I’ve written before about the apparent shift in healthcare whereby making sense of the vast quantities of data produced within the system is key to successful treatment of patients.
Nowhere is this moreso than in cancer care. For instance, a team from UCL utilized deep learning earlier this year to more accurately identify cancer cells.
This trend is continued with a second study, which aims to make sense of the cancer data currently sitting in the cancer registry program that’s coordinated by the National Cancer Institute (NCI) and the Centers for Disease Control and Prevention. This database has records of cancer incidences across the US, but the curation of it can often be a hugely time-intensive process as it requires manual editing and annotation from experts for each file.
“The manual model is not scalable,” the team says. “We need to develop new tools that can automate the information-extraction process and truly modernize cancer surveillance in the United States.”
The researchers have been working on this for a few years, but have made considerable progress since adopting deep learning. They developed algorithms to search for and extract valuable information from the reports in the database. When tested on even a small sample, the system proved very capable of uncovering some previously hidden insights.
“Today we’re making decisions about the effectiveness of treatment based on a very small percentage of cancer patients, who may not be representative of the whole patient population,” they say. “Our work shows deep learning’s potential for creating resources that can capture the effectiveness of cancer treatments and diagnostic procedures and give the cancer community a greater understanding of how they perform in real life.”
The team first set about ensuring the system had a contextual understanding by feeding the neural network a load of data.
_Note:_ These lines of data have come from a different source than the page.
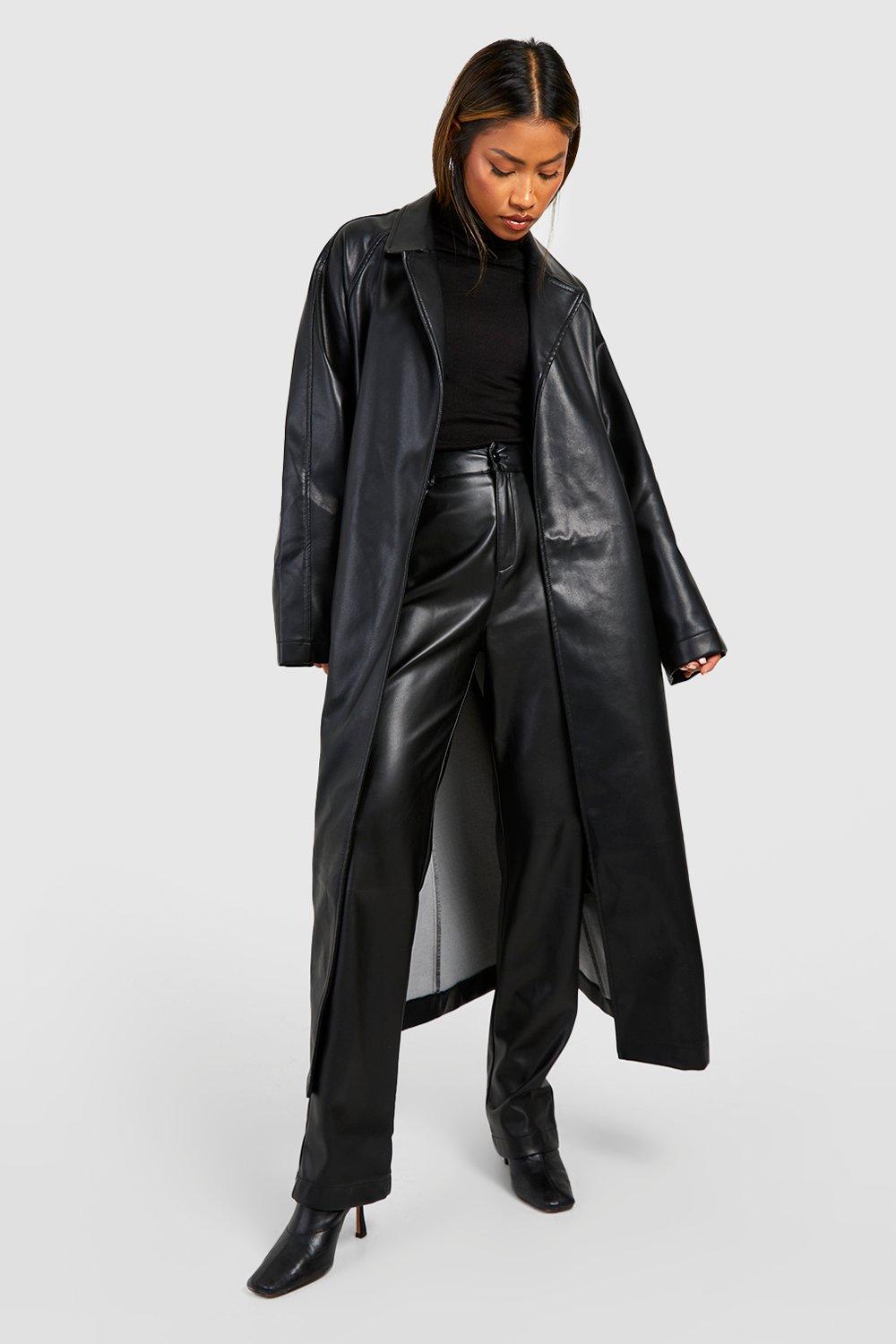 Leather belted trench coat sale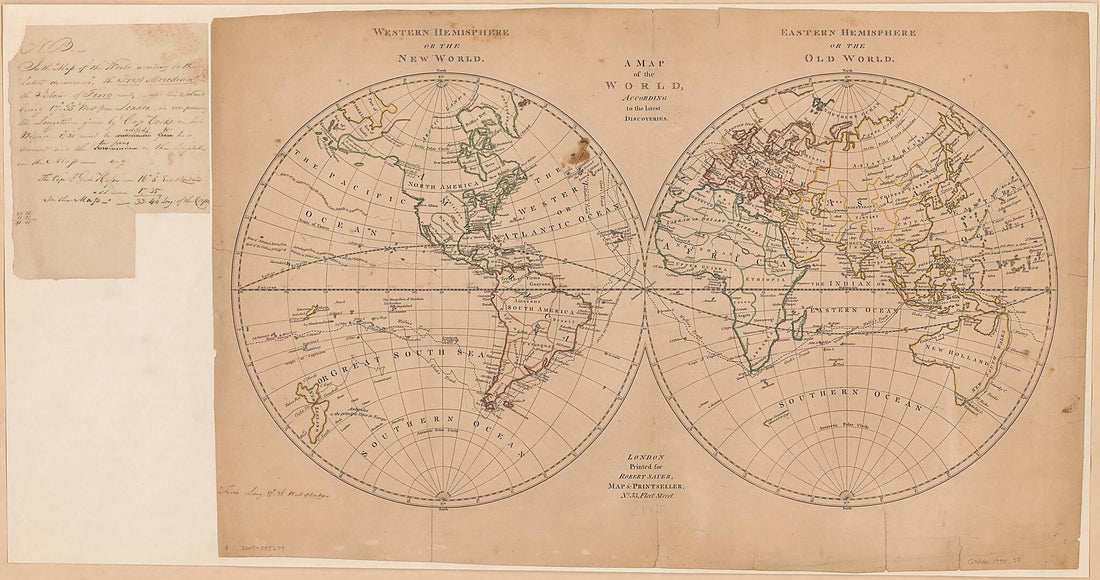 This old map of A Map of the World According to the Latest Discoveries from 1775 was created by Robert Sayer in 1775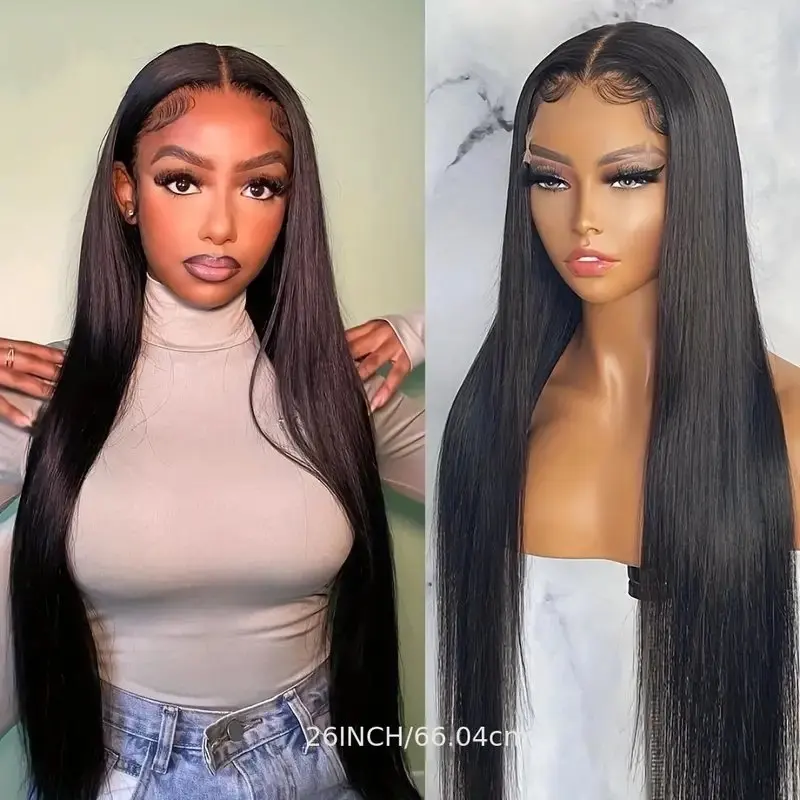 Natural Black 13x4 HD Lace Wig 18 Inche 5x5 Glueless Closure PreCut Human Hair Wigs Straight 150% PrePlucked For Women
The researchers accelerated this by conducted multiple calculations at the same time.
When this algorithm was programmed to perform multitask learning, its performance went up considerably, especially compared to more traditional methods.
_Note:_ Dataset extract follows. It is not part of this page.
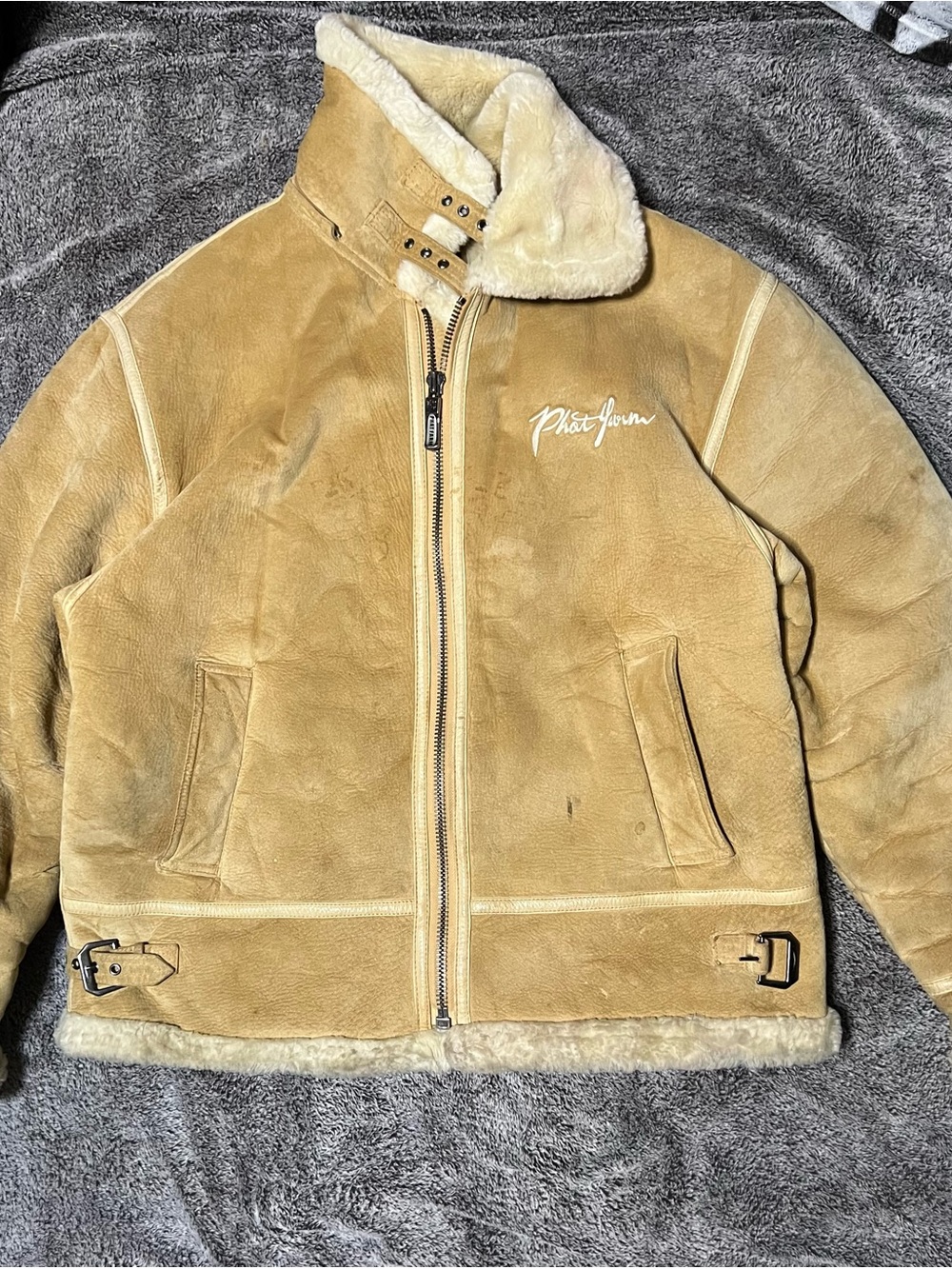 VTG Phat Farm tan suede and faux shearling jacket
“Intuitively this makes sense because carrying out the more difficult objective is where learning the context of related tasks becomes beneficial,” the team says. “Humans can do this type of learning because we understand the contextual relationships between words. This is what we’re trying to implement with deep learning.”
To further test the approach, the team conducted a second study on a more complex data challenge. They set out to use deep learning to connect up the origins of a cancer with a topological code, thus providing a very high level of granularity.
By using the convolutional neural networking approach typically deployed in image recognition, they were able to feed the algorithm data from a range of sources. The algorithm then created a model from this data to make connections between words.
The results from initial tests are certainly promising, and the team hopes to scale up their work with larger datasets, with the algorithms performing under reduced supervision.
Becoming more adept at deriving insights from vast datasets like this is likely to be increasingly important for the quality of healthcare in future. Hopefully, the lessons from these various projects are readily shared around the industry so we become collectively wiser as a result. The researchers themselves admit that they have barely scratched the surface of what can be achieved, so it will be exciting to follow progress in the coming years.